Is a child really likely to care who purchases the occasional threats. I don't think that my children have ever cared or bothered to ask "who purchased these cookies or who bought this ice cream, pizza or whatever?

If the pattern is that dad buys treats on the weekends that all of his children are present , what is the worse that the kids can say? Dad ,why do you go out of your way to ensure that you give us the same things at the same time , how horrible is that?"

Why would a child who gets exactly the same things at the same time as his other siblings feel that he is being denied anything? No one would suggest that a father waiting to buy something for his children in an intact nuclear family was favoring one child over the other, instead they would likely see him as providing for all at the same time as an effort to ensure that all had the opportunity to partake in a household treat.

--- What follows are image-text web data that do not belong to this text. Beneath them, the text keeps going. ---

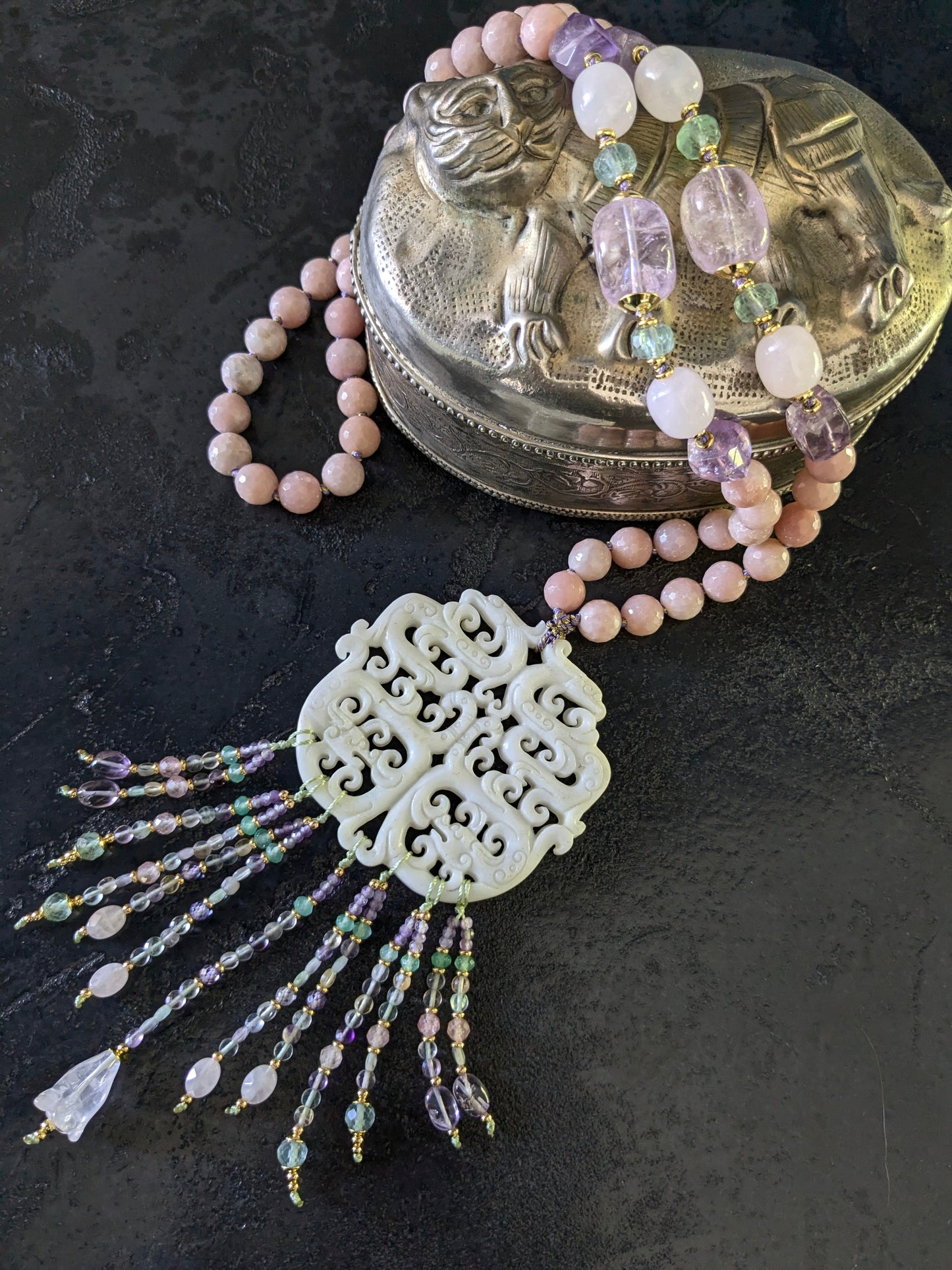 sauotoir talisman en jade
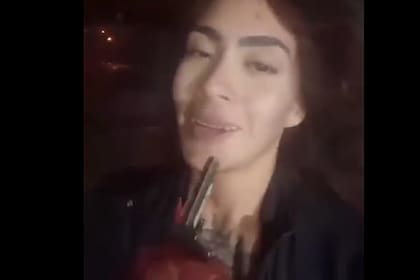 Florencia Mancilla, en el video en el que confiesa el crimen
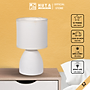 Đèn Ngủ HUTA Light For Life S2 Gốm Sứ Hiện Đại, Decor Trang Trí Phòng Ngủ, Điều Chỉnh Độ Sáng, Đèn Vàng Bóng LED Tiết Kiệm Điện
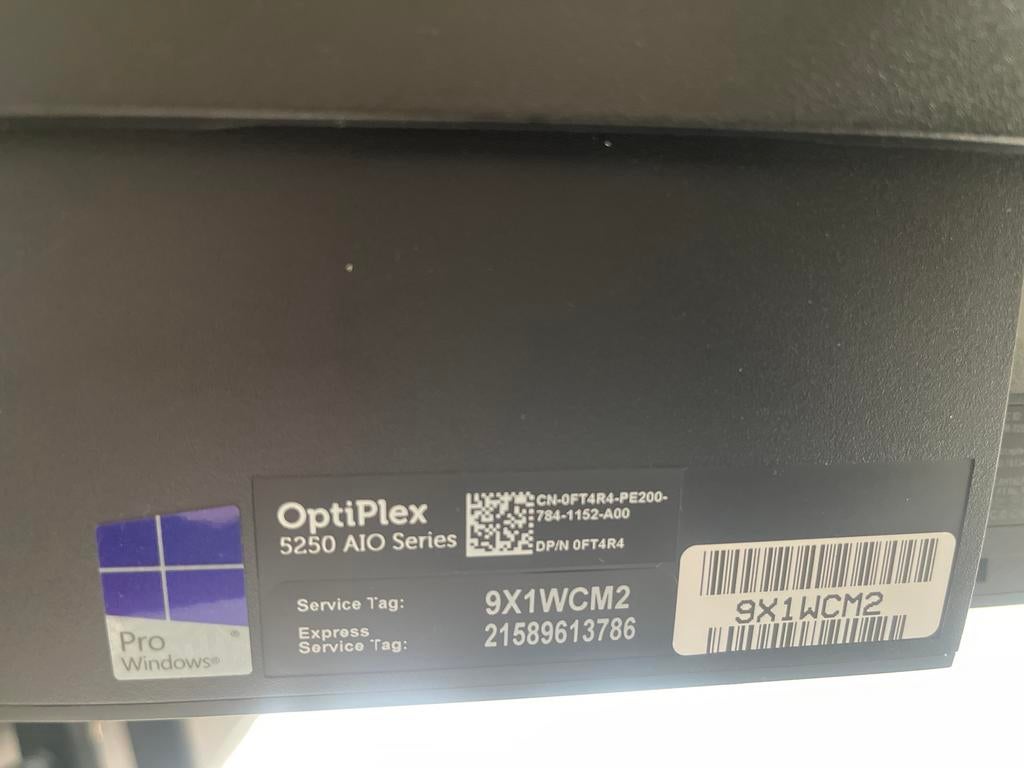 Dell OptiPlex 5250 AIO Series All-in-One PC, Computers en Software, Ophalen, Zo goed als nieuw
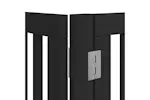 Vidaxl Dog Gate With Door Foldable 8 Panels Black 640 Cm Poplar Wood Vidaxl Dog Gate With Door Foldable 8 Panels Black 640 Cm Poplar Wood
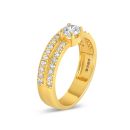 22ct Yellow Gold Cubic Zirconia Engagement Ring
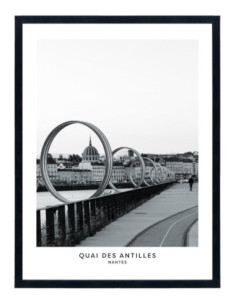 Affiche Nantes - Quai des Antilles - Tableau ville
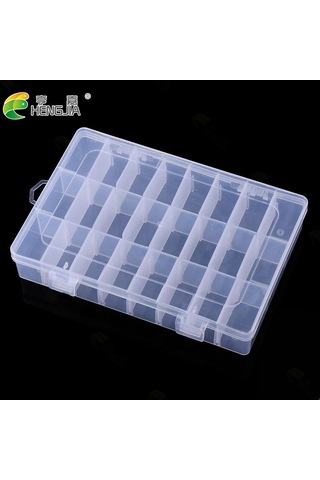 24 Hücre Plastik Balıkçılık Sahte Yemli Olta Takımı Kutusu Saklama Kutusu Taşınabilir Mücadele Çok Fonksiyonlu Organizatör Balıkçılık Kutuları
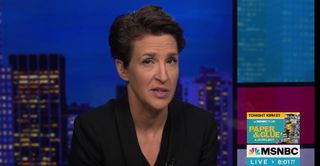 MSNBC anchor Rachel Maddow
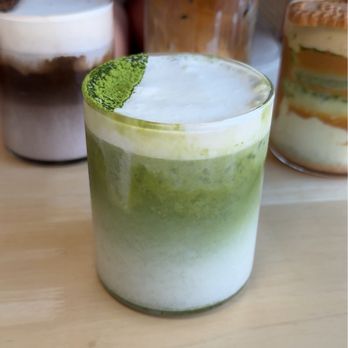 SYNT Coffee - Coconut Einspänner Matcha Latte - Coffee & Tea Near Me - Los Angeles, California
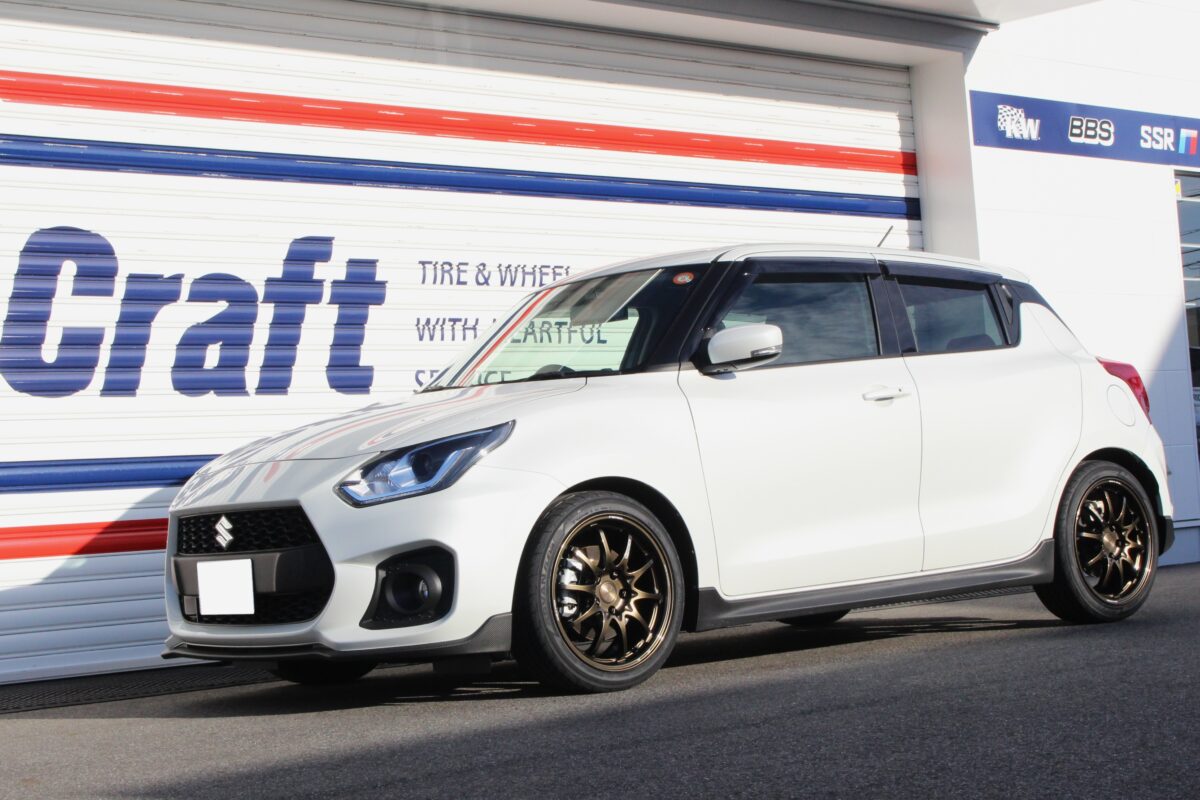 スイフトスポーツにRAYS鍛造ホイールを装着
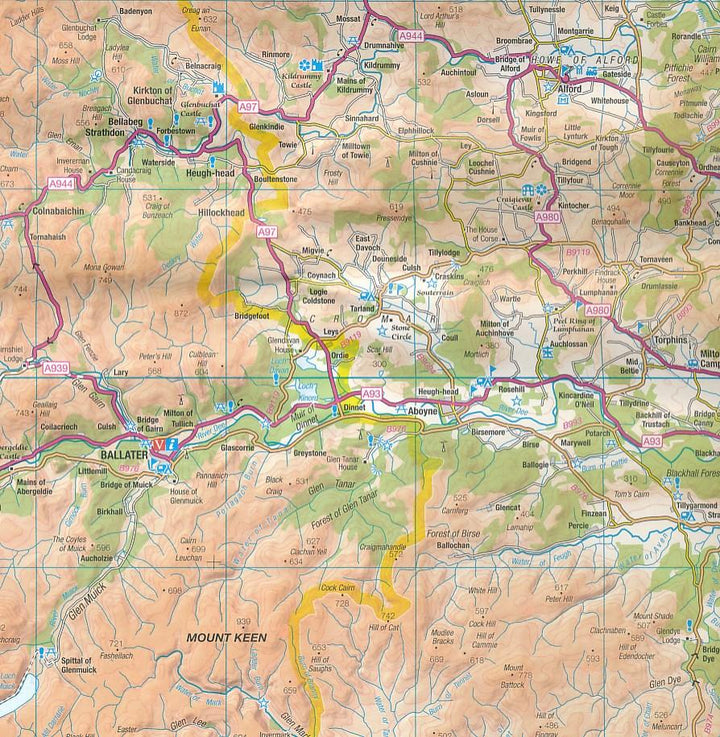 Carte routière n° 1 - Ecosse - Orkney & Shetland | Ordnance Survey - Road carte pliée Ordnance Survey 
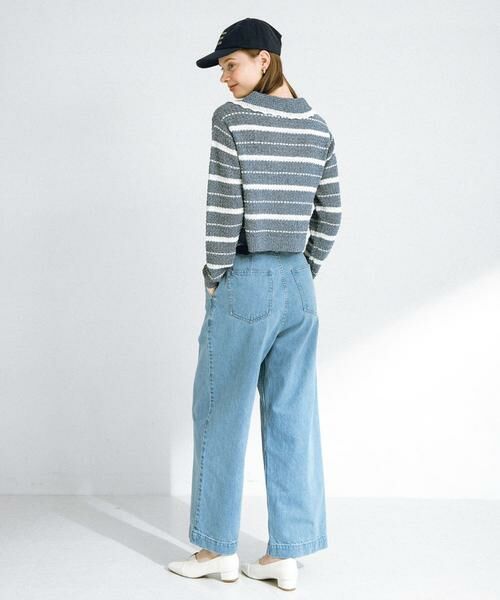 Sonny Label / サニーレーベル ニット・セーター | ブークレボーダーニットプルオーバー | 詳細8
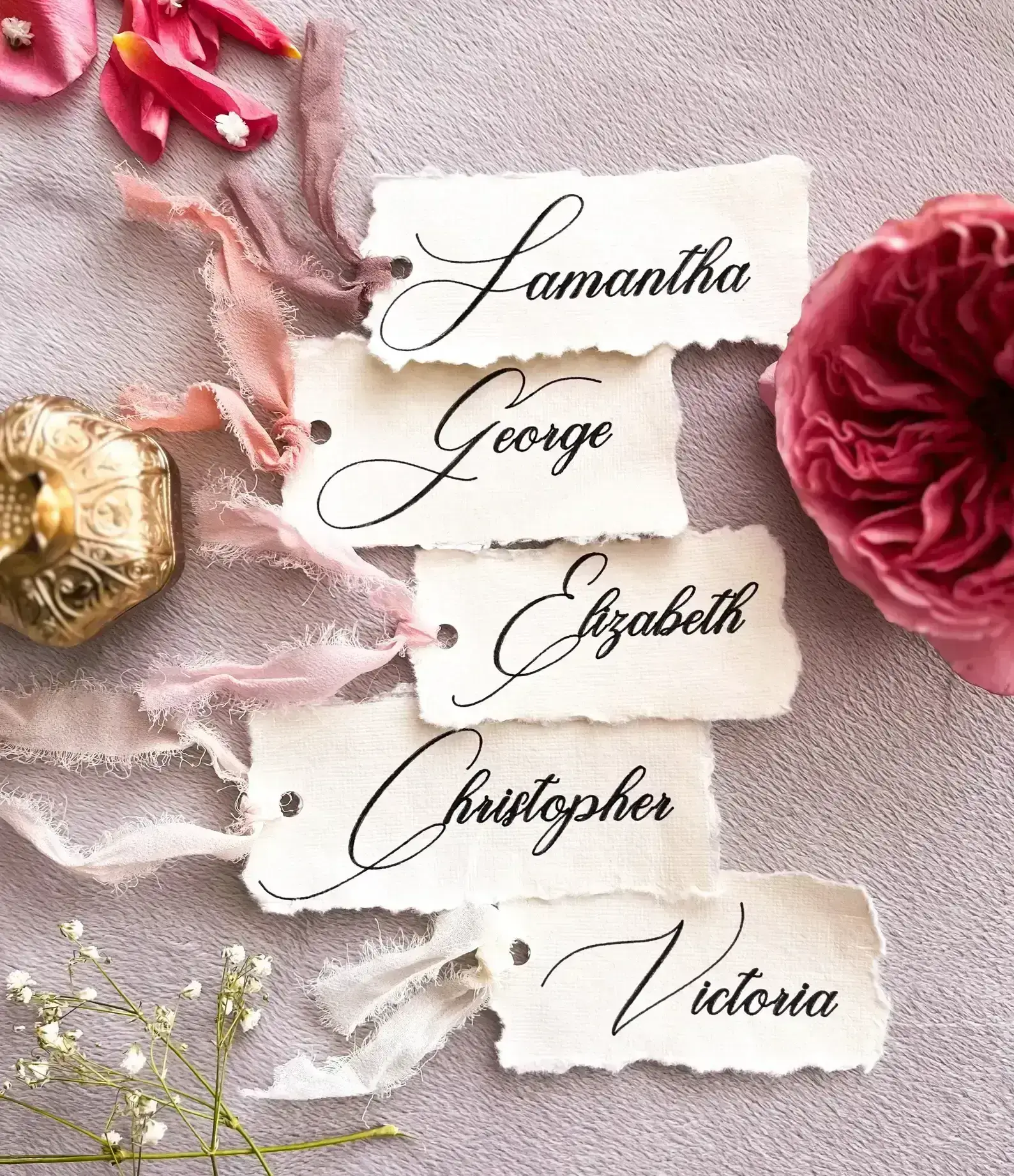 Elegant Wedding Place Cards sample 3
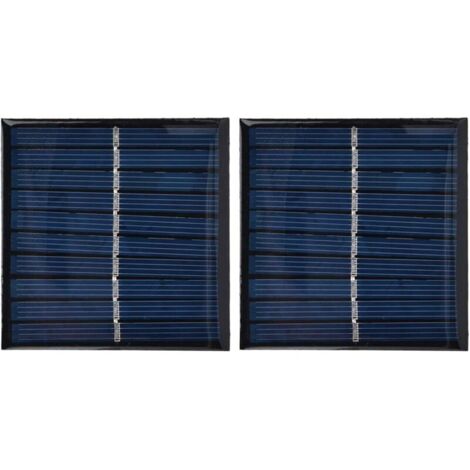Lot De 10 Mini Panneaux Solaires 5V 30mA - 53x30 Mm - Pour Projets DIY, Modélisme, Charge Petits Appareils
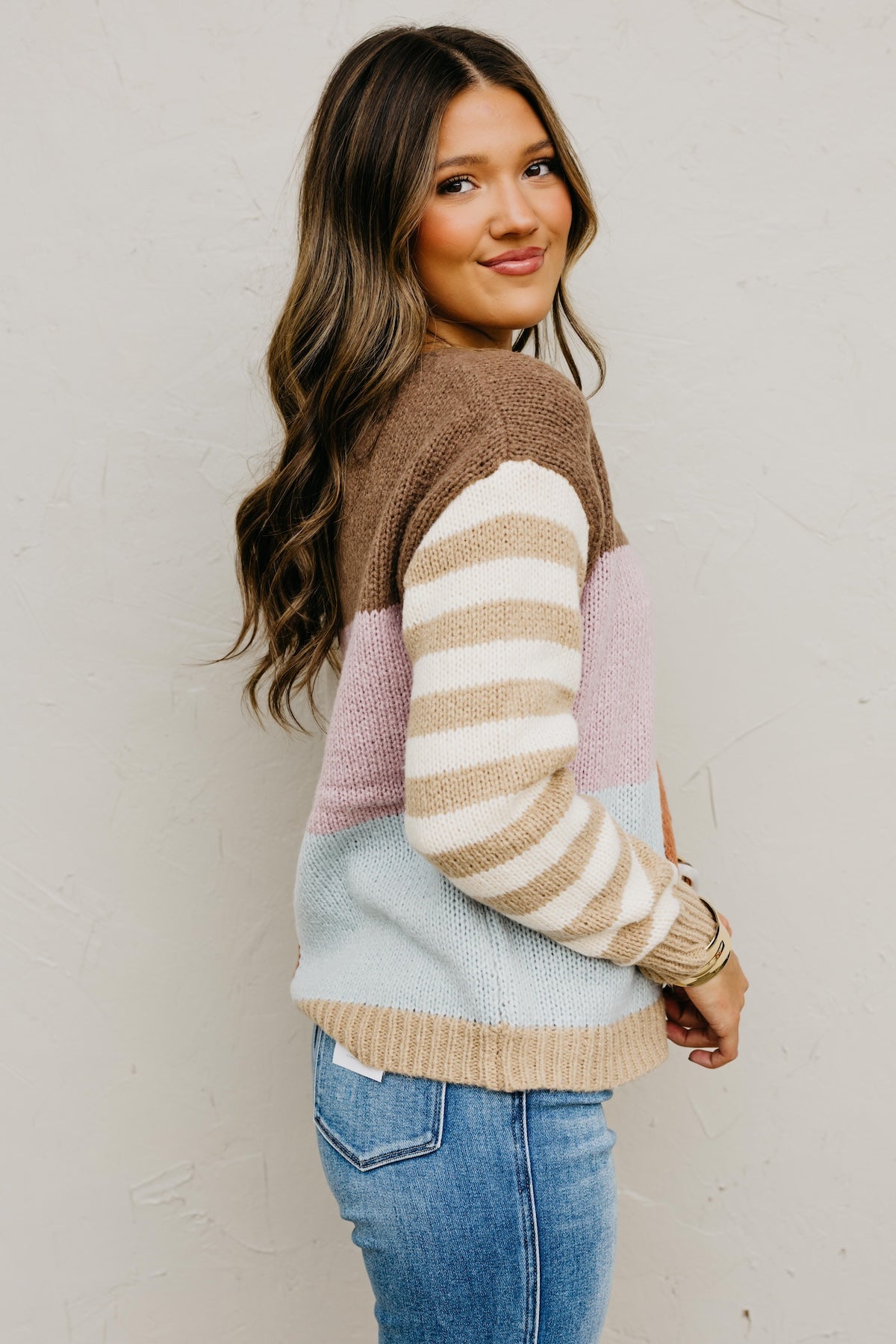 The Mystery Multi Color Block Sweater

Not every action has a nefarious intent. Sometimes it is just away to do for all at the same time.

NewYear8909 · 23/01/2022 20:31

Definitely, boundaries are great things for children and Disney dadding is a horrible term because most of the time dads are trying to do their best by over compensating. But the problem is that isn’t parenting, and you can offer a child firm boundaries and prepare them for the world whilst being very loving and kind, but if you take a step back and think about what your values are, and what you what to teach your children, and then implement rules accordingly, you’ll be doing great. Problem with families that separate is guilt and then with the best will in the world you lose sight of the fact you are parenting and just end up appeasing the child.